Data listing
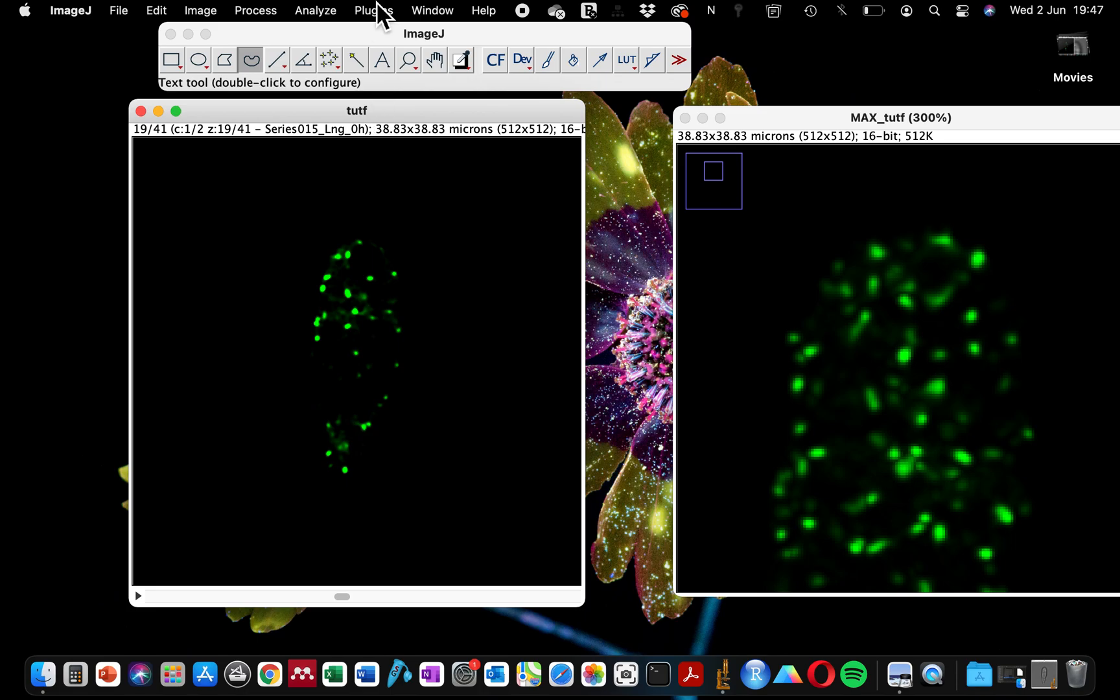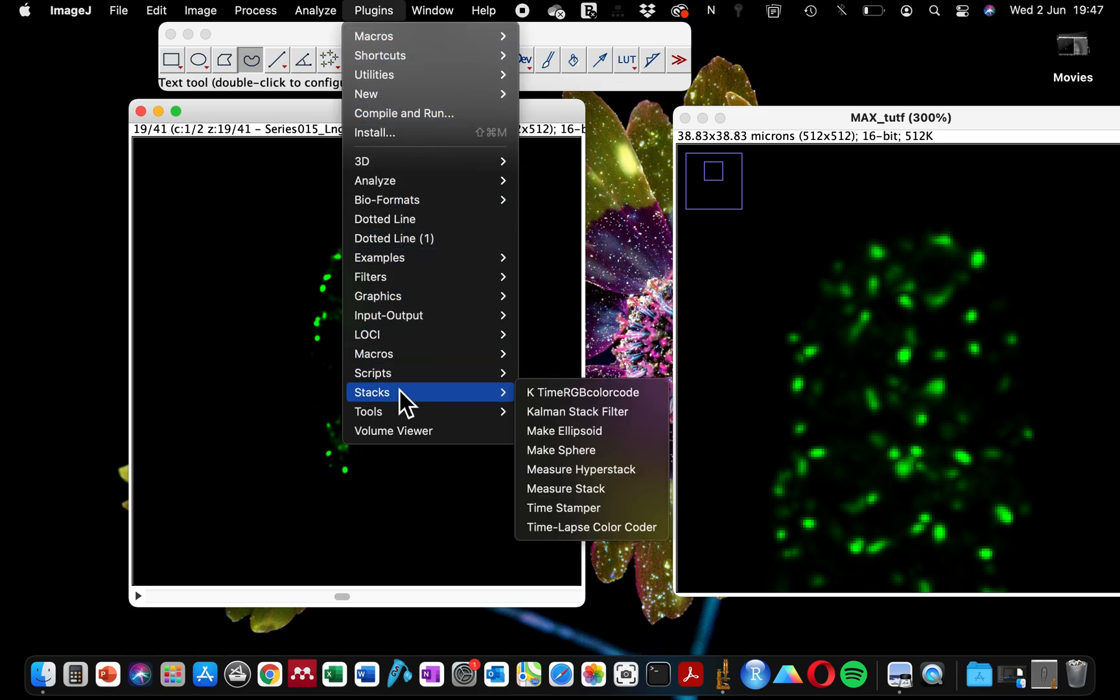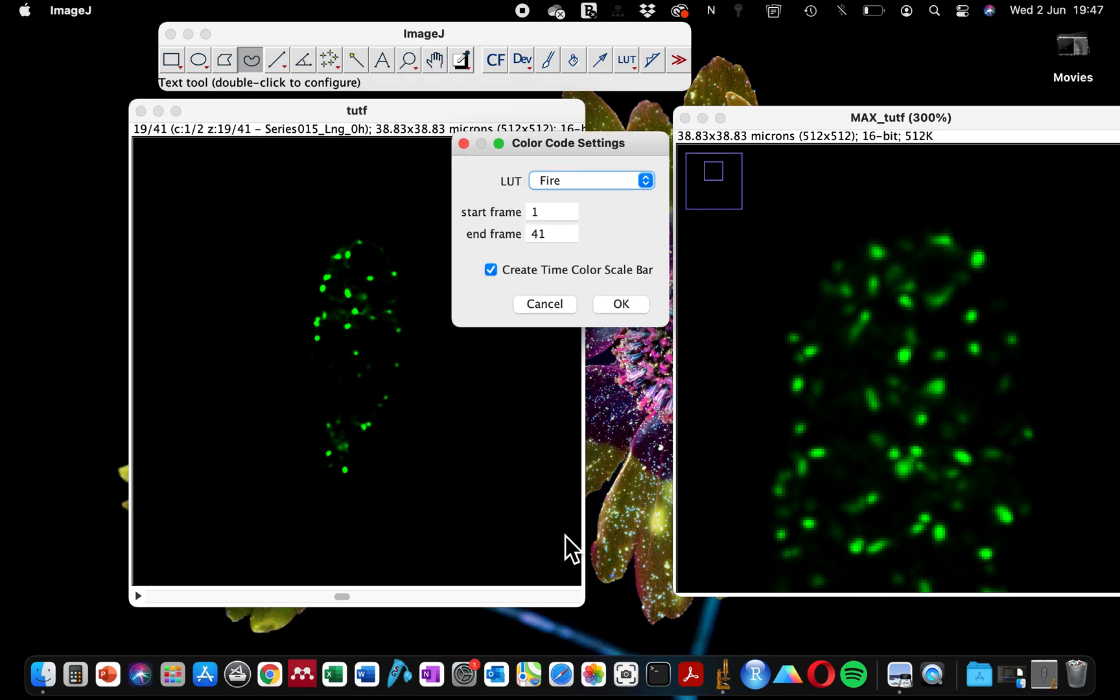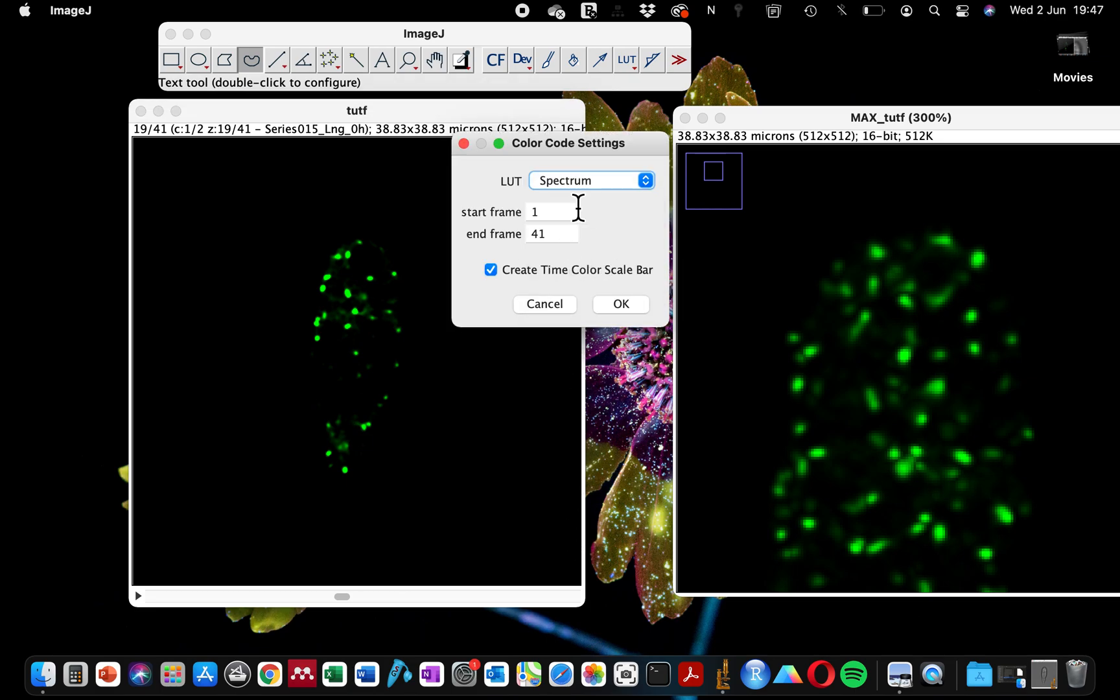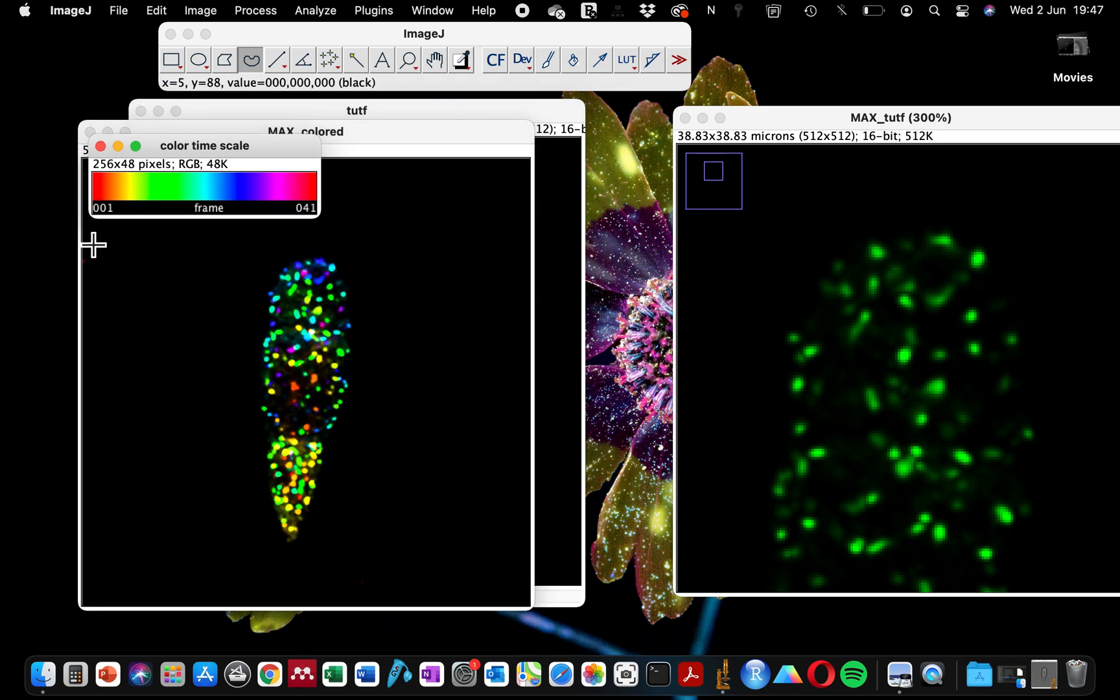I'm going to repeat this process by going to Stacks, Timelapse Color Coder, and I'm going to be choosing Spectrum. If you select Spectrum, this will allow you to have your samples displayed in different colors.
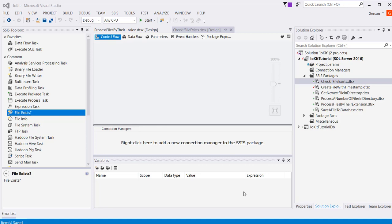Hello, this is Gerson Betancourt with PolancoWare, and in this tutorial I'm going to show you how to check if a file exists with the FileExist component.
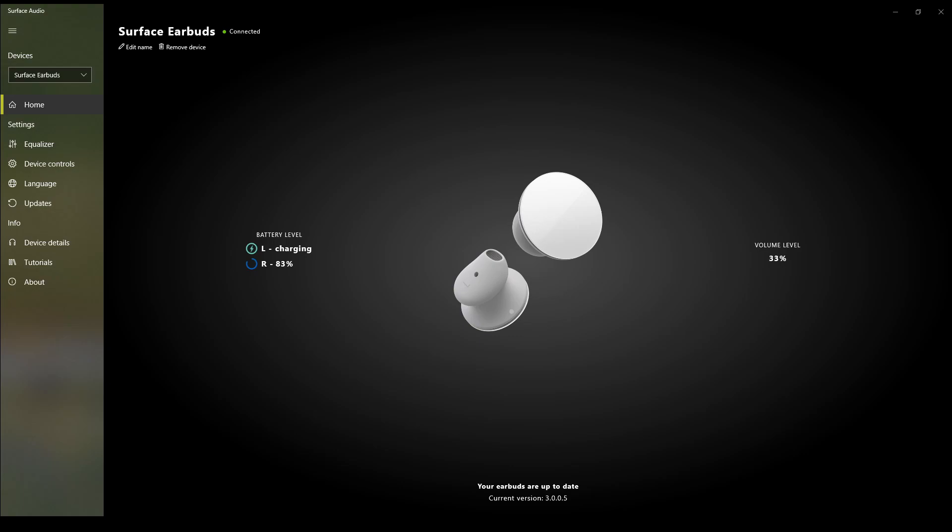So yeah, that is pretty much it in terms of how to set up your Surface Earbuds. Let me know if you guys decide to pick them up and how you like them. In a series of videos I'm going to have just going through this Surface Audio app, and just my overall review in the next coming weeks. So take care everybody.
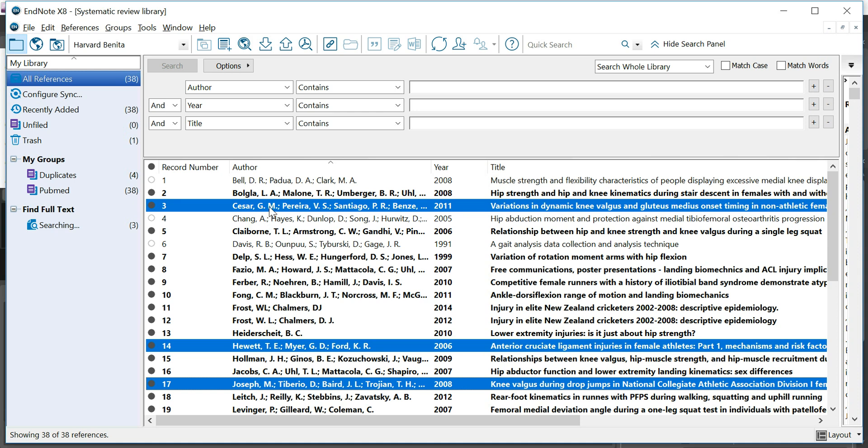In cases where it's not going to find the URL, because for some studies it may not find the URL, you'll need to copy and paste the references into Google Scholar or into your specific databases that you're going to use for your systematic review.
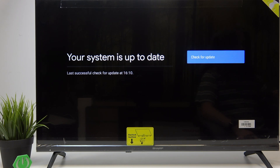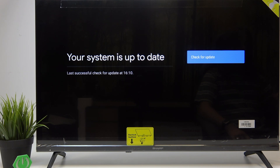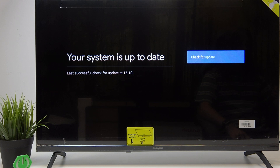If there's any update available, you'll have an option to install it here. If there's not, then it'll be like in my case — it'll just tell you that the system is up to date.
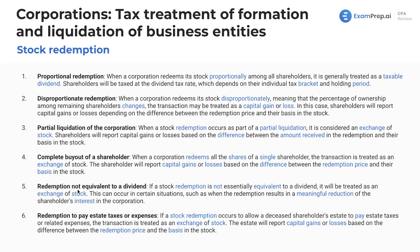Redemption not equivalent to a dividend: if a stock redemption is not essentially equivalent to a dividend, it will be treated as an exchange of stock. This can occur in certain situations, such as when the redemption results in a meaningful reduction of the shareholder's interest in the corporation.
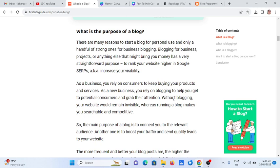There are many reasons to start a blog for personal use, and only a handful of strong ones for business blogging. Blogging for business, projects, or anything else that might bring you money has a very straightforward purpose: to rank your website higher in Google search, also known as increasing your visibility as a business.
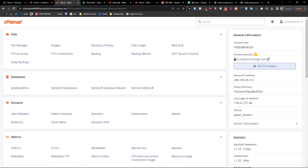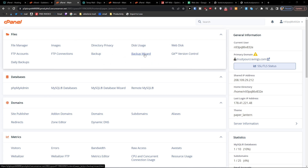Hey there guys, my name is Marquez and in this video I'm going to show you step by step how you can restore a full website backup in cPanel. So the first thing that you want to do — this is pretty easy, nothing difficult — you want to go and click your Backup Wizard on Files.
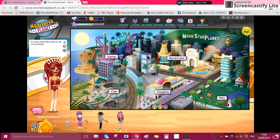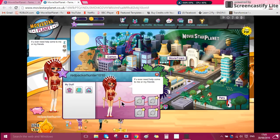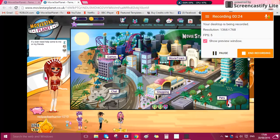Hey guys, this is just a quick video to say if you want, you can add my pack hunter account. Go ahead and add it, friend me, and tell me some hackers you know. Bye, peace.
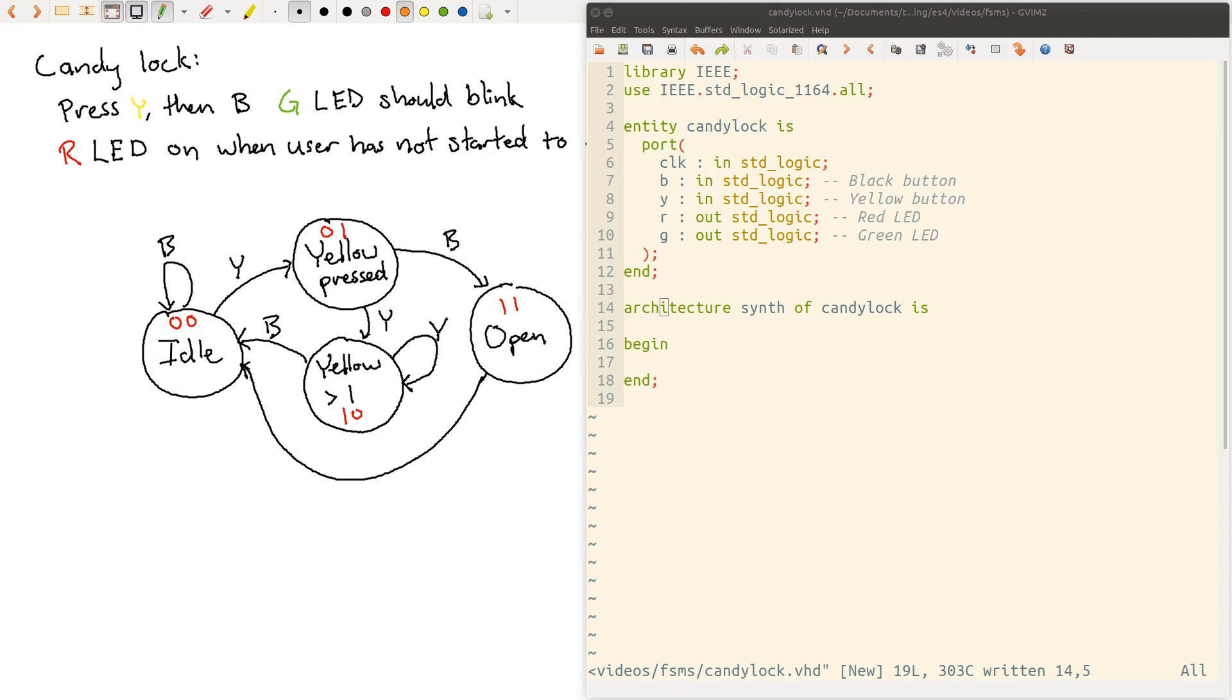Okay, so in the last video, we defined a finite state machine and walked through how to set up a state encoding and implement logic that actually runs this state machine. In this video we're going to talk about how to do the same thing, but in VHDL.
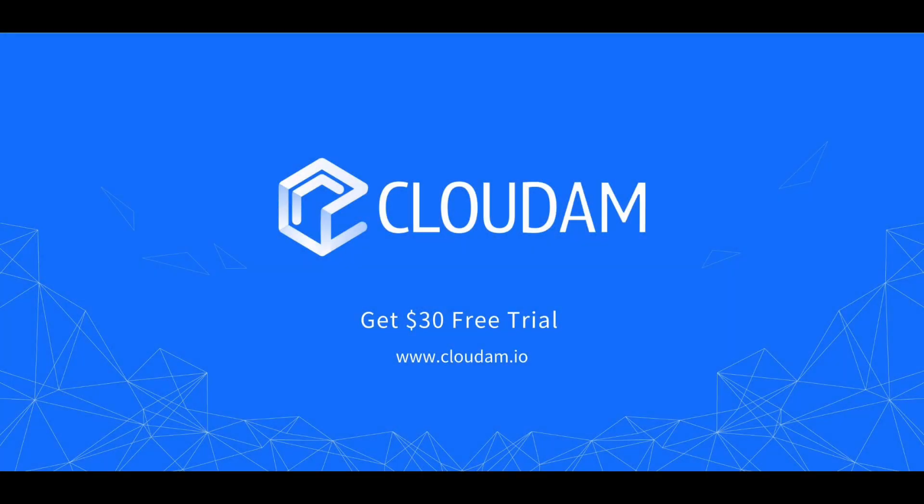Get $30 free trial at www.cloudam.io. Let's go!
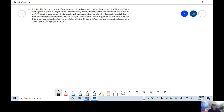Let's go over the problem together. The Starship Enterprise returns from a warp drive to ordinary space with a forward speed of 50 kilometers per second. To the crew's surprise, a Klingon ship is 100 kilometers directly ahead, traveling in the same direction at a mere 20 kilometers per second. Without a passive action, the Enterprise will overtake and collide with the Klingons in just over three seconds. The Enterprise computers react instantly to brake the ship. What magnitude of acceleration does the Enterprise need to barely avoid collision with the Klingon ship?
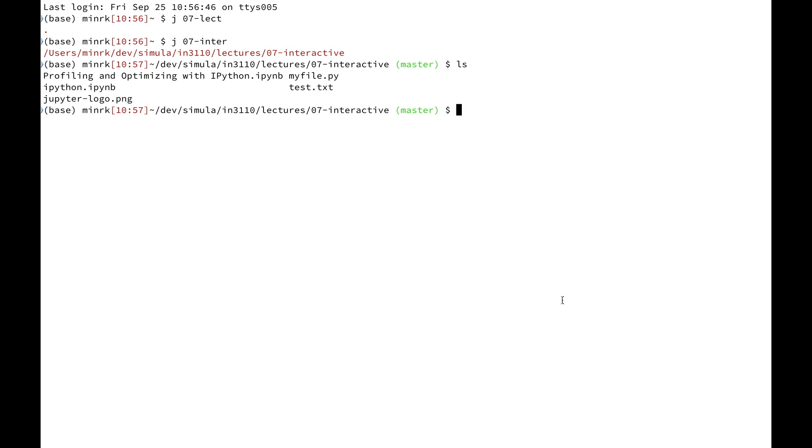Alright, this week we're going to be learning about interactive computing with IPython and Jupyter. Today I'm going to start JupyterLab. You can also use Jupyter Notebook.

What you are asked to do
Taking the entries above, copy word for word the lines from the one with "Hello, this is" up to and including the one with "In cases where", without any picture.

Solution to the exercise
Hello, this is Gerson Betancourt with PolancoWare, and in this tutorial I'm going to show you how to check if a file exists with the FileExist component.
So yeah, that is pretty much it in terms of how to set up your Surface Earbuds. Let me know if you guys decide to pick them up and how you like them. In a series of videos I'm going to have just going through this Surface Audio app, and just my overall review in the next coming weeks. So take care everybody.
In cases where it's not going to find the URL, because for some studies it may not find the URL, you'll need to copy and paste the references into Google Scholar or into your specific databases that you're going to use for your systematic review.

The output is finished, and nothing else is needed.